What does the decay of London nightlife say about the city?
August 9, 2016
It is no surprise to hear that in recent years more and more of not just London’s, but also the UK’s , small music and nightclub venues have been closing. The 100 Club and Madame Jojo’s have both gone, and Dalston’s much-loved Dance Tunnel had its last dance on Sunday night before closing its doors permanently. So why are many of London’s intimate, seemingly popular venues closing down? Well, there are a number of reasons.
Firstly, like many of the problems on people’s lips at the moment, government legislation is behind the closure of venues such as these. Despite endorsing Dalston’s lively nightlife, Hackney Council’s statement in response to Dance Tunnel’s closure stated:
“…we need to balance the needs of businesses against the rights of our residents to a good night’s sleep, and as both our population and night time economy grow, that is becoming increasingly hard to do.”
This highlights that venues are facing difficult licensing regulations and financial upkeep, but is also indicative of our current social and political climate, in which more people are working ridiculous hours to pay for soaring rent prices and living costs, just to stay within the M25. Due to this, we are no longer able to support the existence of more intimate venues nestled in the city.

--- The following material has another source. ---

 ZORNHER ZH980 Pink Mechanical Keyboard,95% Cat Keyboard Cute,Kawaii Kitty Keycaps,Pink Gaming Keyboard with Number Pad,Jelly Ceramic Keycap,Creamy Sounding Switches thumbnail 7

This also begs the question of whether London is really ‘open’ in terms of the nightlife on offer? Small venues used to be considered places of ‘rebellion’. Then are we becoming less rebellious as a growing and yet, aging population? Venue closures also have implications for small independent artists across London, potentially crushing the hopes of artists trying to make it in the music industry without such venues to showcase their talents.
This all said, what does the state of London’s nightlife say about its population? Without a doubt we are facing challenges specific to the age in which we live. We want to feel and be connected with other people, and perhaps clubbing no longer does this for us. The amount of time we spend using technology has created a more isolating life experience, so it might be that the last thing we want to do is stand in a dark room with loud music without always enjoying ourselves. That aside, we are also in the midst of a ‘health revolution’, seeing a surge in healthy eating habits, perhaps contributing to people wanting to drink coconut water rather than a double vodka and coke, wake up early and go to gym rather than stay out until 4am and get a kebab. This heightened consciousness about our health as a nation has perhaps brought about the decline of club culture.

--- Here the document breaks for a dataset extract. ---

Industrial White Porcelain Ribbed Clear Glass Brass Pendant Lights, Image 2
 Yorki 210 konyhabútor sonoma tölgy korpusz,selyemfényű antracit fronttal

The biggest issue, though, could be the amount we work. With rising house prices in the capital, the general public are seriously struggling to make ends meet, so by the end of a working week would rather stay in than let loose about town. We are worn out by our worsening financial reality so much so that average folk are putting more of their money towards necessities than a night out. Maybe the tube at rush hour is beginning to replace the sweaty underground experience we’d get in a club…
It seems Londoners may be more partial to alternative nights out than clubbing. We are still having fun, just doing different things. For example, there are now more culturally inspired events such as museum and gallery ‘lates’, usually with free entry, offering a culturally enriching and entertaining night out as well as events like all day street food feasts. This summer there are numerous outdoor cinemas, to which spectators will often come armed with a boozy picnic.

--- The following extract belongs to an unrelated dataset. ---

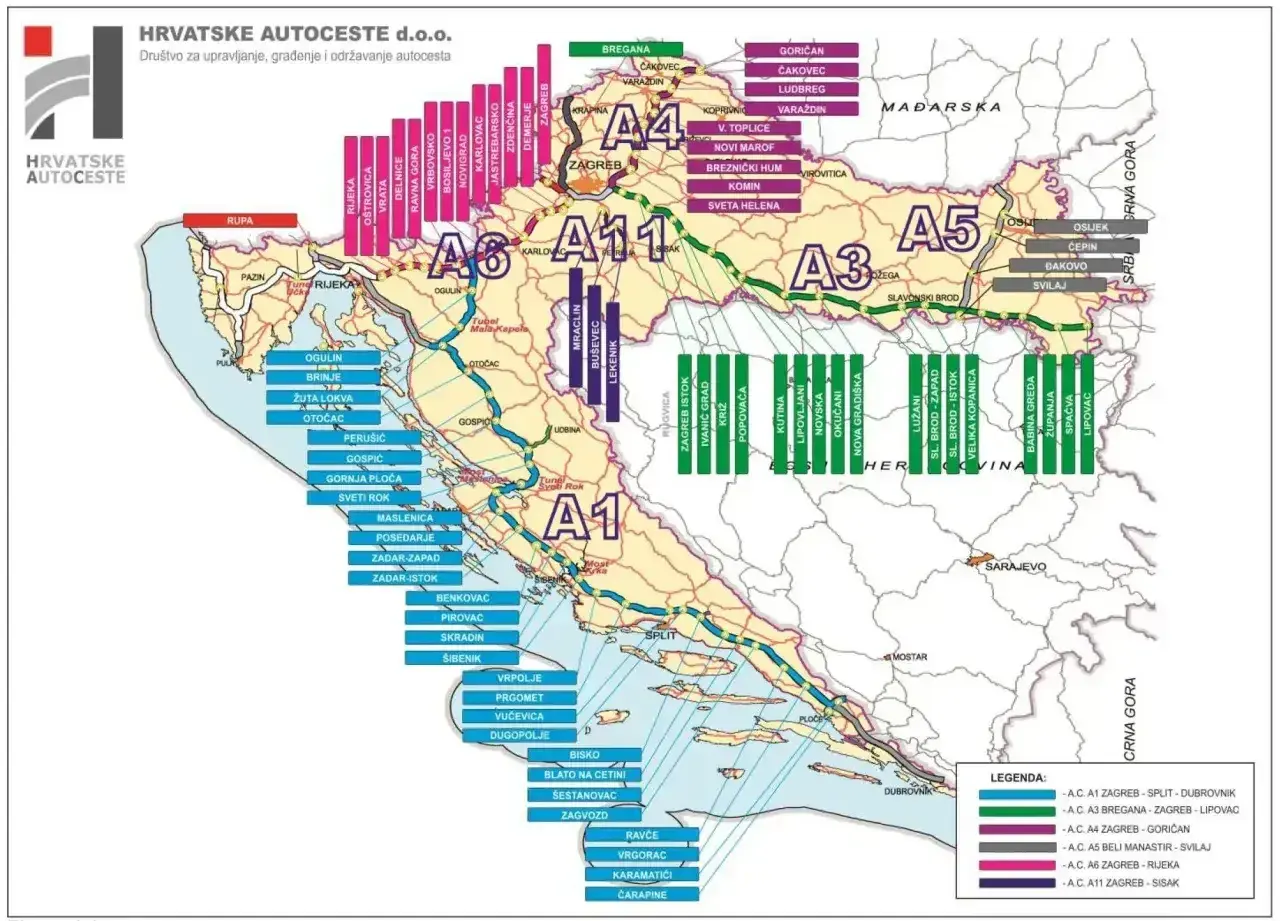 Mapa autostrad Chorwacji z zaznaczonymi trasami A1, A3, A4, A5, A6 i A11. Winieta Chorwacja.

London has an array of great things to see and do, so maybe our sense of amusement is diversifying to cater for more people and allow for people to connect; in an age where we spend hours in front of screens and loneliness is not just for the elderly. Our nightlife is changing and has changed drastically in the past ten years, and with the all-night tube being introduced at the end of August, we may see our city becoming even more vibrant and accessible by night than ever.